I feel very privileged and blessed to be asked to share some thoughts at Mike’s Memorial Service on December 20. Thank you dear Judy for your love and friendship all these years, and for asking me to speak.

Little did I know when I first met Mike at Eastern Illinois University in 1975 that he would turn out to be my longest and dearest BFF and brother in Christ. I have so many wonderful, humorous, serious, thoughtful, political, theological/philosophical, familial, sports, business, Bible, and basic Christian life discussions and memories of Mike. They will keep me pondering and laughing for the rest of my days.

Especially dear to our hearts were the last 31 years where Patty and I couldn’t abide more than 8 or 9 months without our Mike/Judy fix, either in a week’s vacation or extended weekend get-togethers. Dear Judy – fear not – we will continue this legacy, especially at the Evans B & B featuring soft sheets, hot breakfasts, a hot tub, and warm and healing laughter.

In today’s world of rugged and angry individualism and separation, such a gift of love and friendship and loyalty and persistence and deep spiritual communion for forty-five years is the rarest of gifts, one Patty and I will always treasure and ponder, and gain life and joy from before we join Mike in our heavenly home.

Please tolerate for a moment how my mind works as I’ve thought of what to say from the perspective of several hats I have worn in life … My first reflections are as a retired pastor and priest in Christ’s church. I find myself pondering two absolute foundational Christian truths, which, in some ways are the most central to our Faith:

  1. Humanity’s Greatest Enemy
  2. Humanity’s Greatest and Only Saviour from that enemy

Death, whose sting is just as sharp as ever, the very polar opposite of love and life, is what St. Paul calls “Our greatest enemy.” And Jesus Christ, who by His incarnation, suffering, death and resurrection from the dead, has freely chosen to “Trample down death.” He has obliterated this enemy for every single person and rescued us from the pit of despair and non-being.

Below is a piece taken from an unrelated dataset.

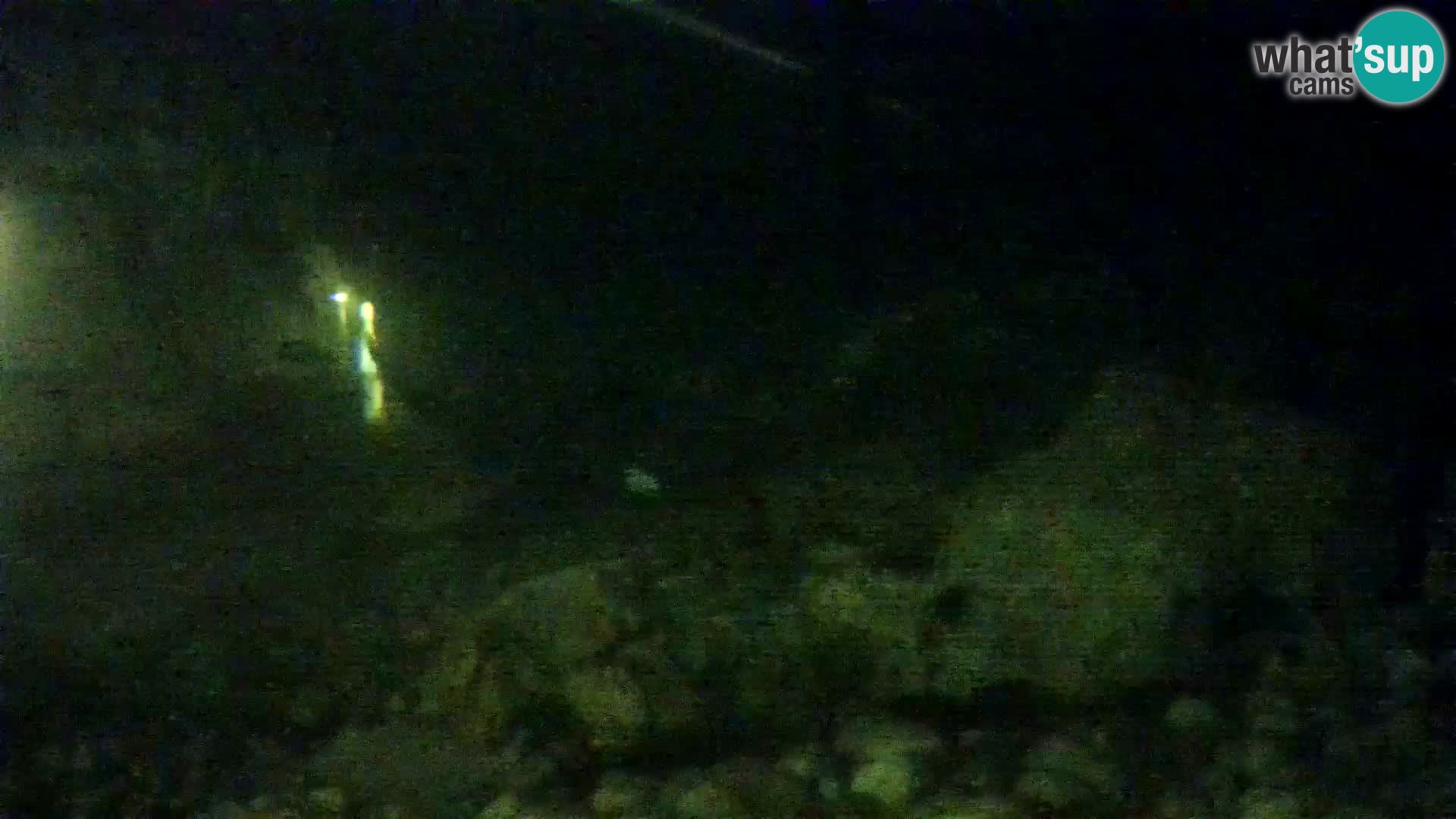 Aquario marino esterno –  Rogoznica livecam Croazia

The Eastern Orthodox service of Easter, which we call Pascha, begins at 11:30 pm on Holy Saturday night, and then for 3 ½ hours, over and over the whole congregation sings “Christ is risen from the dead, trampling down death by death, and upon those in the tombs, bestowing life.” And then for the 40 days before Christ’s Ascension, every single Sunday Liturgy of worship begins and ends with this refrain and proclamation. SO THAT WE NEVER FORGET the very heart of the Gospel: “If Christ is not risen from the dead, then our faith is in vain.”

In Hebrews 2, Paul has this to say in verse 14: (and I’ll take the liberty to insert Mike’s name into the text):

         14 Inasmuch then as Mike has partaken of flesh and blood, He      
        (Jesus) Himself, likewise shared in the same, that through death
       He might destroy him who had the power of death (over Mike),
       that is, the devil, 15 and release Mike and all those who
       through fear of death were all their lifetime subject to    
       bondage.” Then in 1 Corinthians 15:22, Paul tells us “For as in
       Adam all die, even so in Christ all shall be made alive. 26 The
       last enemy that will be destroyed is death.”

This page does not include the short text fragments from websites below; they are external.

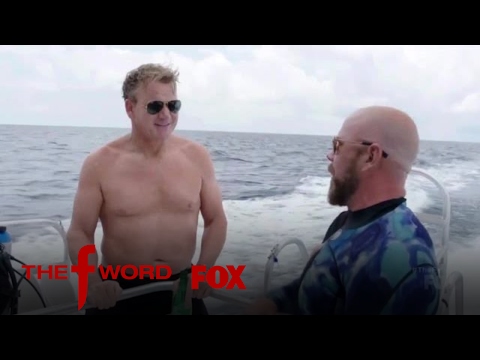 download lagu mp3 mp4 The F Word 2017, download mp3 The F Word 2017 free download, download mp3 The F Word 2017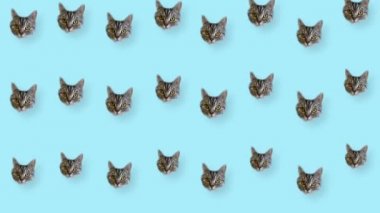 Mavi arka planda kedi kafalarının renkli desenleri. Kedi yüzlü kusursuz desen. Üst Manzara. Gerçekçi animasyon. 4K video hareketi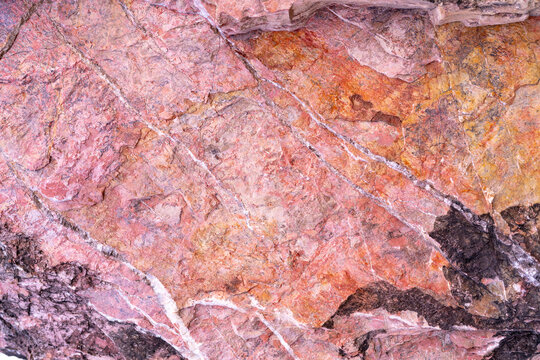 Close up of petrified wood texture featuring fossilized mineral patterns in pink, orange and purple tones. Ancient geological formations, natural abstract surface and prehistoric earth history.
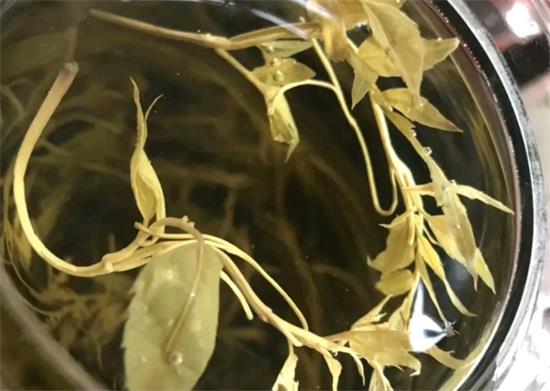 張家界茅巖莓茶與藤茶是同一種茶嗎，藤茶跟莓茶一不一樣？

Paul explains further in Hebrews 2 that Jesus has chosen to take on all our frailty, sufferings, and shame, and is not ashamed to proclaim God to all of us: “I will put My trust in Him.” Then He speaks about us who trust in God: “And again: Here am I and the children whom God has given Me.” 

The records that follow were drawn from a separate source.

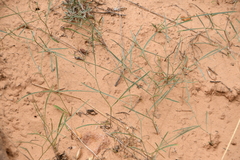 Astragalus ceramicus ceramicus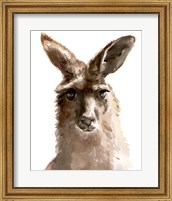 Kangaroo Portrait II Fine Art Print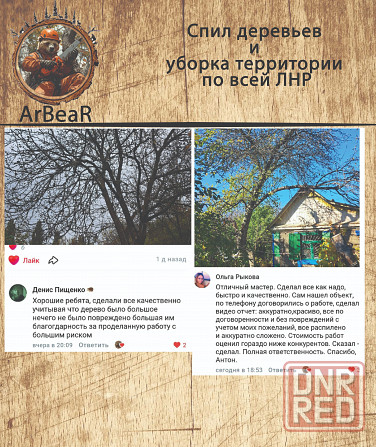 Спил деревьев и уборка территории лнр Красный Луч - изображение 6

On December 8, 2020, when our dear brother Mike entered into eternal peace and joy, I believe that Jesus, Who “by the grace of God, tasted death for everyone,” greeted Mike – our Mike, and spoke these words to His Father, to our Father in heaven, and to all the heavenly hosts, and to all the saints gone on before:

Wisdomlet us be attentive! Here stands Michael Heath from Kansas City, Missouri, United States of America, whom God our Father has given to me. Welcome, welcome, welcome … welcome my faithful and beloved brother, and my friend.”

Then, some brief thoughts from my Counselor hat . . .

Death is an enemy, even though its “ultimate sting” has been removed. Elizabeth Kubler Ross, in her 1969 ground-breaking book “On Death and Dying” says that anger, followed by sadness, is part of what we will most likely experience when we lose a dear loved one, perhaps in waves like the ocean, over time.

We get to feel anger and deep sadness at this enemy who unexpectedly came to Mike’s door just a few short weeks after he felt a slight headache. We cannot and should not try to deny it. Grief and the grief process is what we call this great cavern and mental/emotional wound that has opened up between our minds and our hearts . . .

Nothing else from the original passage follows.